**Assigned task:** Only one span of the listing below is wanted: the lines from the one with "Neil Campbell and Jane Reece" through the one with "Η υγεία της σπονδυλικής στήλης", reproduced exactly, both ends kept.

*** Block opens ***

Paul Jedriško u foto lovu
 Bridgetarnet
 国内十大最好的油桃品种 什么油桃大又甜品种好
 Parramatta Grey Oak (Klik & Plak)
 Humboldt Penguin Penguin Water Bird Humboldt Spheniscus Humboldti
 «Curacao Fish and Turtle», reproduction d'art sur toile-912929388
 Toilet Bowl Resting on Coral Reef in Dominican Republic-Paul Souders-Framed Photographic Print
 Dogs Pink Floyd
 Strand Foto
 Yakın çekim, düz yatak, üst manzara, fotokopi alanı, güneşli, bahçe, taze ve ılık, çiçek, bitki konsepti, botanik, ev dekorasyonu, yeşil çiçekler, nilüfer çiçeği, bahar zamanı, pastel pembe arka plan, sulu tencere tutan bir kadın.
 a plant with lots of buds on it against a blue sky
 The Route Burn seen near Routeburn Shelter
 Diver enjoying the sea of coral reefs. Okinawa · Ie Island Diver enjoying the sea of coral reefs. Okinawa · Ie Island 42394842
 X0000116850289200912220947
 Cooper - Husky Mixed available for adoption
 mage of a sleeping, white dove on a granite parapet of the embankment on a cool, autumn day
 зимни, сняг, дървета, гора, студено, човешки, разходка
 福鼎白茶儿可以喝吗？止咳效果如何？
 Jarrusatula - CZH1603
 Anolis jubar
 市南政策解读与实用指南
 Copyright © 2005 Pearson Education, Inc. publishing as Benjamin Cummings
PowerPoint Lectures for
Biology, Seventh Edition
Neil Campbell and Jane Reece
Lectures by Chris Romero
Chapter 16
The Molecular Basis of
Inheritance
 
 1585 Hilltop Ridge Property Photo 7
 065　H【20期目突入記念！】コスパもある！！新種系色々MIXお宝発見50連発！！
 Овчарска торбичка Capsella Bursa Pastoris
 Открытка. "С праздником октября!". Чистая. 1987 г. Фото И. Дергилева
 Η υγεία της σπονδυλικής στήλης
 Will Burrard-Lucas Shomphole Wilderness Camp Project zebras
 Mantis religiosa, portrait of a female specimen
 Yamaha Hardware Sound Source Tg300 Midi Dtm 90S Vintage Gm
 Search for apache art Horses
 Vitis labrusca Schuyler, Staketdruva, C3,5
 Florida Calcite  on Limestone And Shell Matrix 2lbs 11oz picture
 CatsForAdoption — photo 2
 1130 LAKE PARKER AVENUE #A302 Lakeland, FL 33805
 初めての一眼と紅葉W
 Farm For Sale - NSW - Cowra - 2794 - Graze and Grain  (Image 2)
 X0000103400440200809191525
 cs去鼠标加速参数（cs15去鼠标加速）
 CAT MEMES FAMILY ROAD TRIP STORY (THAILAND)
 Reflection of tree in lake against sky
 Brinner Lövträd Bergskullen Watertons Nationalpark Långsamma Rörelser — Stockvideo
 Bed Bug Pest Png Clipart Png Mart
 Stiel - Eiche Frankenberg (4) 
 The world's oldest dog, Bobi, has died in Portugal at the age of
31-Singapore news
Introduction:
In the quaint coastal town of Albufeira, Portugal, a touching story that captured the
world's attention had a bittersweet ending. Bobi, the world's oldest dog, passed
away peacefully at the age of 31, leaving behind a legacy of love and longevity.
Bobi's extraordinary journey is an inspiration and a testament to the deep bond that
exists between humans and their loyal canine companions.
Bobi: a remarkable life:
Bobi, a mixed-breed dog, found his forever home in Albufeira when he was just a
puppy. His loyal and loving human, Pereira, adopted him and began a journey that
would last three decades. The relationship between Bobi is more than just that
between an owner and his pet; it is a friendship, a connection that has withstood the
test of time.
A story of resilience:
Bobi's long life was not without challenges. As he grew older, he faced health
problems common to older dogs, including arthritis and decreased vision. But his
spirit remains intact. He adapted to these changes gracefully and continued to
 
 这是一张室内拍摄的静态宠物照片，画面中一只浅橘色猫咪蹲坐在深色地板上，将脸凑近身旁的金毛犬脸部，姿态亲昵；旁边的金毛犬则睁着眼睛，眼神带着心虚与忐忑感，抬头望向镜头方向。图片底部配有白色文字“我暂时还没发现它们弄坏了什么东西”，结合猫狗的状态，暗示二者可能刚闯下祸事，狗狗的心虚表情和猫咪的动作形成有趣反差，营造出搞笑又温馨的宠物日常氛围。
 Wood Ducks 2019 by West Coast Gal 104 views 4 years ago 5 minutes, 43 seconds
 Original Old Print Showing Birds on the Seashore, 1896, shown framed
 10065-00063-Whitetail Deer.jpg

*** Block closes ***

**Completed task:**
Neil Campbell and Jane Reece
Lectures by Chris Romero
Chapter 16
The Molecular Basis of
Inheritance
 
 1585 Hilltop Ridge Property Photo 7
 065　H【20期目突入記念！】コスパもある！！新種系色々MIXお宝発見50連発！！
 Овчарска торбичка Capsella Bursa Pastoris
 Открытка. "С праздником октября!". Чистая. 1987 г. Фото И. Дергилева
 Η υγεία της σπονδυλικής στήλης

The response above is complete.